**Collected material:**
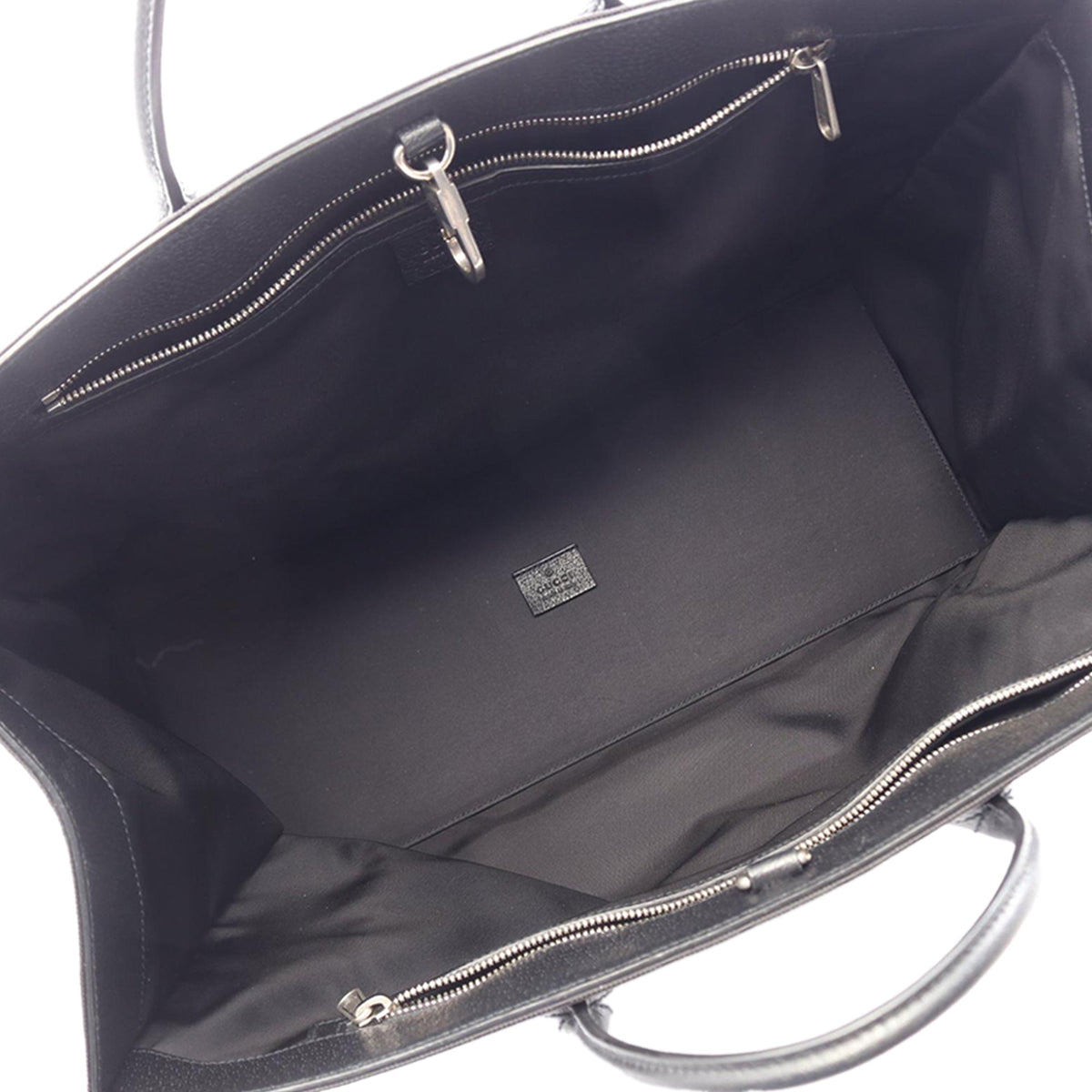 Gucci GG Leather Off The Grid Tote — Black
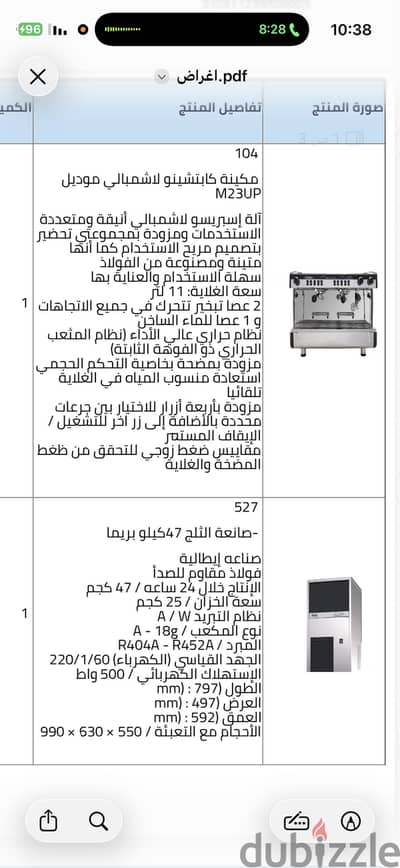 معدات كافيهات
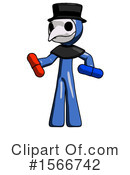 Blue Design Mascot Clipart #1566742 by Leo Blanchette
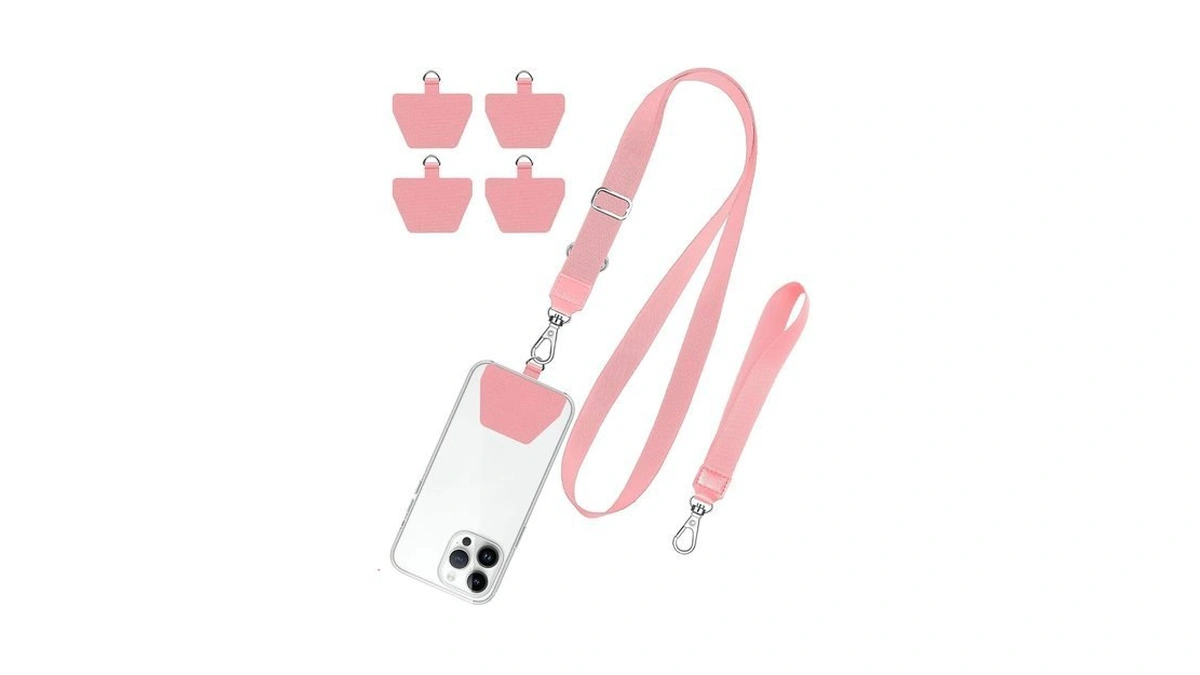 Shanshui Phone Lanyard, 4x Durable Pads, Adjustable Cell Phone Lanyard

**Task details:**
Write the material out again word for word and omit any images.

**Task output:**
 Gucci GG Leather Off The Grid Tote — Black
 معدات كافيهات
 Blue Design Mascot Clipart #1566742 by Leo Blanchette
 Shanshui Phone Lanyard, 4x Durable Pads, Adjustable Cell Phone Lanyard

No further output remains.